Word for word, repeat all the entries below, but without the pictures.

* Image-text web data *

/---

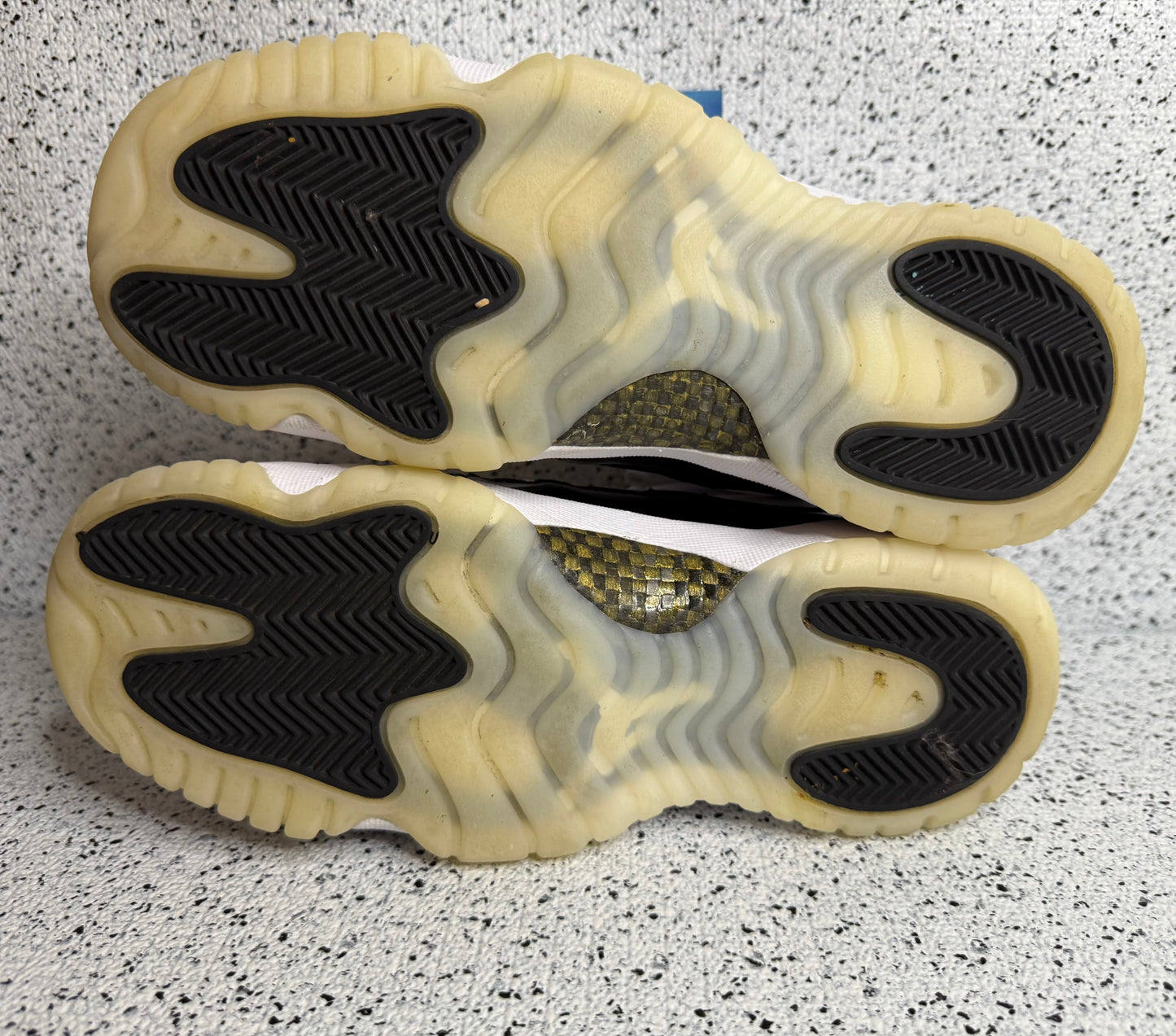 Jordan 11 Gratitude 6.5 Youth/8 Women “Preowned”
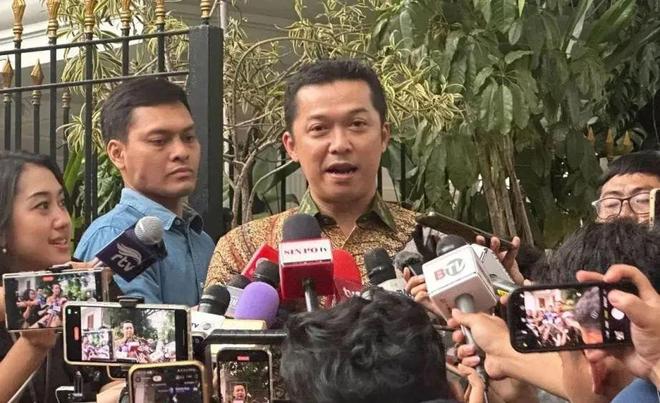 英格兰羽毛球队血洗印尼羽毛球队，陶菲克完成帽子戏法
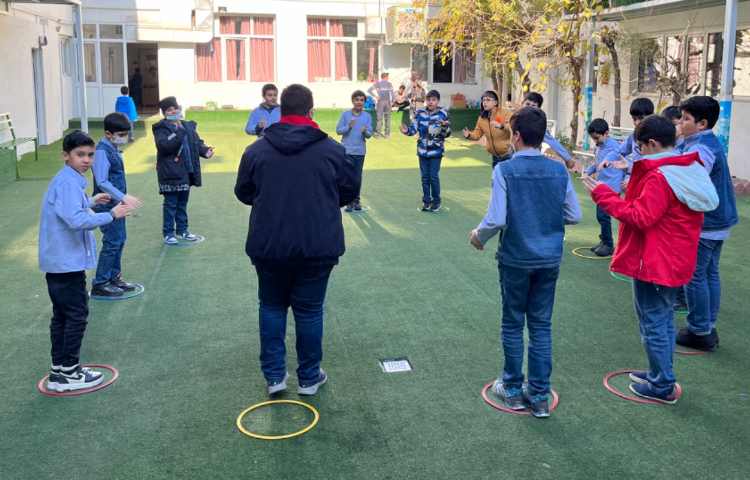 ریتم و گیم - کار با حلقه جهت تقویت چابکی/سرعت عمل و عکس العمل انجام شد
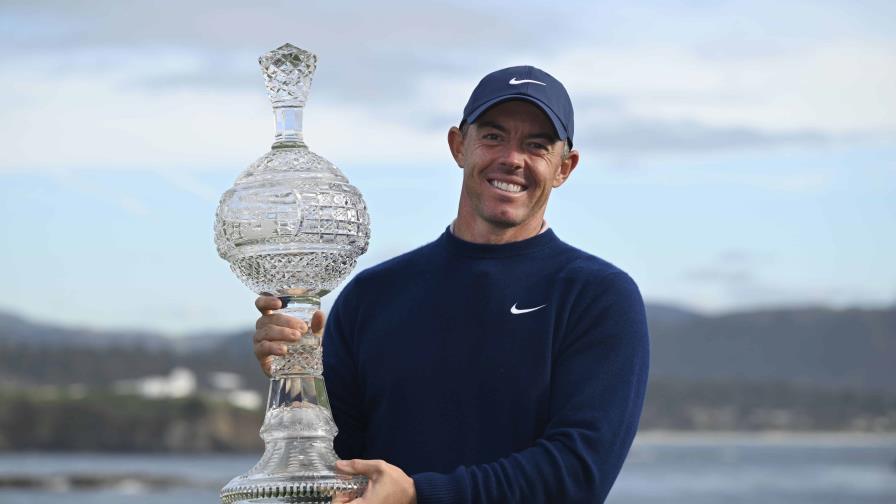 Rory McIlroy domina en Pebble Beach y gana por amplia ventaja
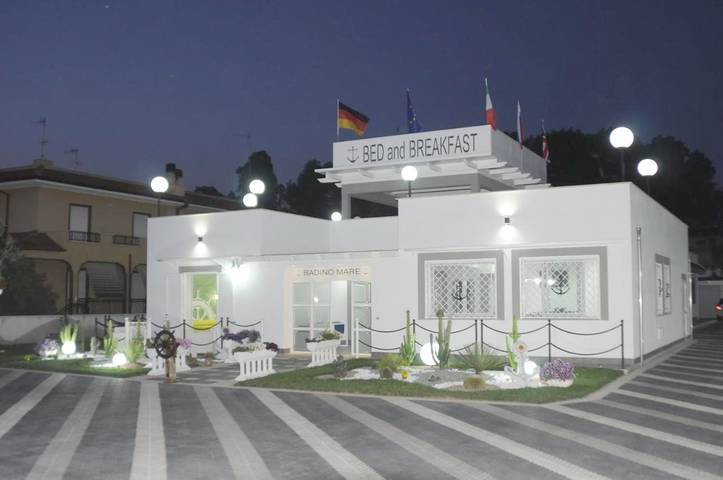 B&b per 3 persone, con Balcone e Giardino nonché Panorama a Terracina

\---

* Solution to the exercise *
 Jordan 11 Gratitude 6.5 Youth/8 Women “Preowned”
 英格兰羽毛球队血洗印尼羽毛球队，陶菲克完成帽子戏法
 ریتم و گیم - کار با حلقه جهت تقویت چابکی/سرعت عمل و عکس العمل انجام شد
 Rory McIlroy domina en Pebble Beach y gana por amplia ventaja
 B&b per 3 persone, con Balcone e Giardino nonché Panorama a Terracina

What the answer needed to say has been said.